「民族和解、協力」の雰囲気が遠い昔の事であるかのように霞んでしまっている。
反動保守政権が退陣した後、少なくとも離散家族の再会、金剛山観光再開・開城工業団地再稼働など民族内部問題に関しては進展を見るだろうと期待されたが、裏腹に南北関係は2018年以前の状況に戻ろうとしている。
直近でも、金正恩国務委員長が金剛山観光地区を現地指導した席で「見ただけでも気分が悪くなるごたごたした南側の施設を南側の関係部門と合意して残さず撤収するようにし、金剛山の自然景観にふさわしい近代的なサービス施設を朝鮮式に新しく建設すべきだ」と指示を出すなど、南側当局に対する姿勢は厳しい。
「民族自主」の原則の下で和解が進むものと期待された南北関係が何故いまこのような事態に陥ったのか。 言うまでもなく、韓国のあいも変わらぬ主体性なき対米追従に尽きる。
実際、金剛山観光事業が頓挫する事態が起きているのにも関わらず、韓国政府はこの問題が朝米交渉の難航から派生した一過性のもののように安直に受け止めて、時間が経てば解決できるという甘い認識をのぞかせている。 だが事は深刻だ。
先の金正恩国務委員長の発言は、金剛山観光施設を世界的名山らしく「ウリ(朝鮮)式の建設様式」を最大限に発揮し、世界的な観光施設、人民のレクリエーション施設に変貌させるという意思の表れであり、過去の南側依存、任せきりの観光事業からの脱却を示したものであり、そこには「約束」を守らない韓国政府 に対する憤りが滲む。
9.19平壌共同宣言2条2項では「南と北は条件が整うに応じて、開城工業団地と金剛山観光事業を優先的に正常化する」ことに合意している。

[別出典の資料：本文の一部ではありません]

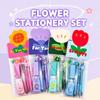 Dreamy Flower Stationery Set 8-in-1 Ballpoint Pen Multi-functional Clip  Gift Prize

金国務委員長は、現状では米国の対朝鮮制裁が機能している点を考慮し、文在寅政権に対する助け舟として新年の辞で直接「条件のない再開」を言及したが、履行の意志がまるで見えない文在寅政権に対し強い遺憾が発せられたということだ。
言い換えれば、「金剛山南側施設の解体」指示の原因提供者は他でもない、文在寅政権だという事。 文在寅政権の態度が変わらぬ限り、開城工団もまた、金剛山観光事業と同じ運命を辿らざるを得ない。 にもかかわらず韓国政府は事態の深刻さを理解していないのか、南北関係が完全に閉じたわけではなく南北協力が生きているという期待感を示している。

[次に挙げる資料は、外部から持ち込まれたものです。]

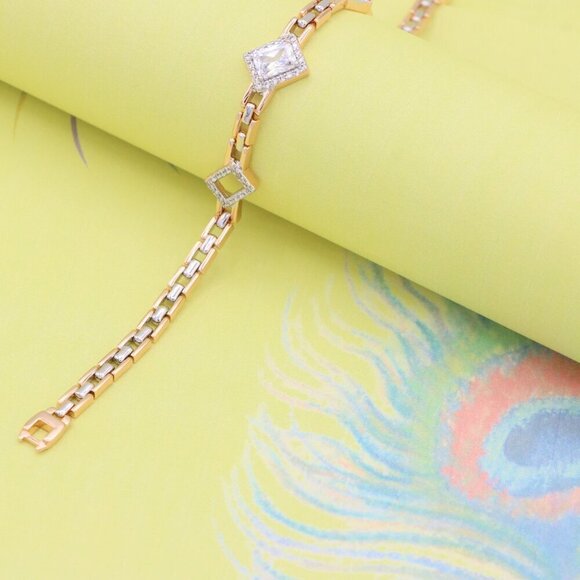 "Elegant Rose Gold+Silver Geometric Stone Bracelet, XPBL0846 - Picture 5 of 13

金剛山観光再開問題は、韓国政府に履行する意志があれば米国の対北朝鮮制裁とは何の関係もなく再開することができる事業だった。
康京和外交部長官が24日の記者懇談会で「個人の北観光は制裁対象じゃない。 統一部が許すかどうかの問題」だと発言している。 本来であれば、金錬鉄統一部長官が「個人の北観光は制裁対象じゃない。 外交部が許すかどうかの問題」「米国を説得するために、外交部と最善の努力を尽くす」と発言すべきなのに南北関係担当セクションもまともに機能していない。
かえって米国に「韓国は、自分たちの許可なしには何もしないような国(トランプ大統領の正確な言い回しは『彼ら(韓国)は、私たちの承認なしにそのようにしないだろう』)」と言わせるのだから、崇米自大思想が骨の髄まで浸み込んでいるとしか言いようがない。

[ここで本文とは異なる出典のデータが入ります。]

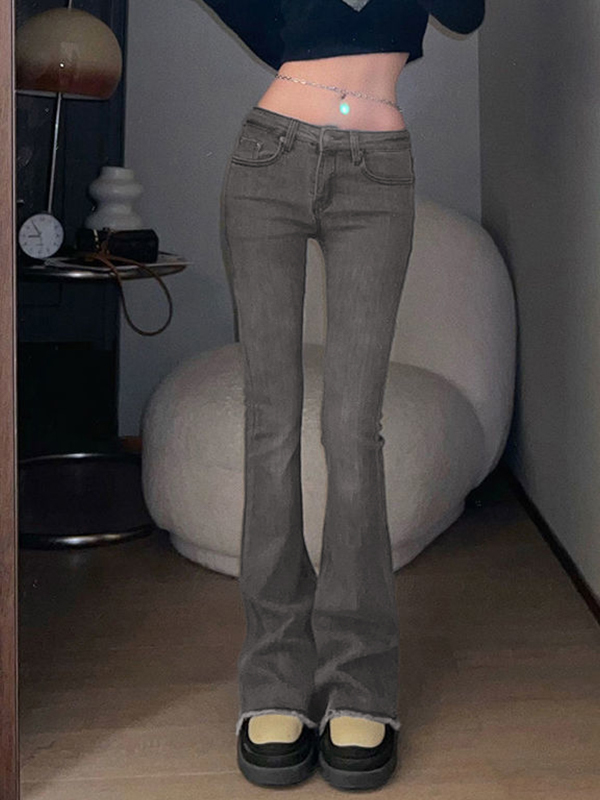 Washed Black Low Waist Flare Jeans-1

朝鮮の金星UN駐在大使は、第74回UN総会の一般討論演説(9.30)で「わずか一年前、北と南、全民族と国際社会を大きく激動させた歴史的な北南宣言は今日、履行段階に入ることも出来ず膠着状態に陥った」「世の人々には平和の握手を演出しておいて、帰って座っては我々を狙う最新の攻撃型兵器搬入と米国との合同演習を強行している南朝鮮の二重的行動に起因する」と指摘、「我々を狙った最新の攻撃型兵器搬入と米国と南朝鮮の合同軍事演習は、相手方に対する敵対行為を全面停止し武力増強をしないことに合意した板門店宣言の履行のための軍事分野の合意書の乱暴な違反であり、挑戦」と批判した。
大使はまた、「北南関係の改善は、南朝鮮当局の事大主義的本性と民族共同の利益を侵害する外勢依存政策に終止符を打ち、南北宣言の誠実な履行によって民族の前に自己の責任を果たす時にのみ成すことができる」と指摘している。
南北和解協力に再び動力を吹き込むためには、韓国政府が民族共助の立場を明確に示さねばならない。 「民族自主と自決の原則」に立ち、金剛山観光再開問題や開城工業団地再開問題などの民族内部問題に対し当事者の役割に無条件忠実であることだ。 南北首脳会談合意を誠実に履行する可視的行動を取り朝鮮の信頼を取り戻すことが必要だ。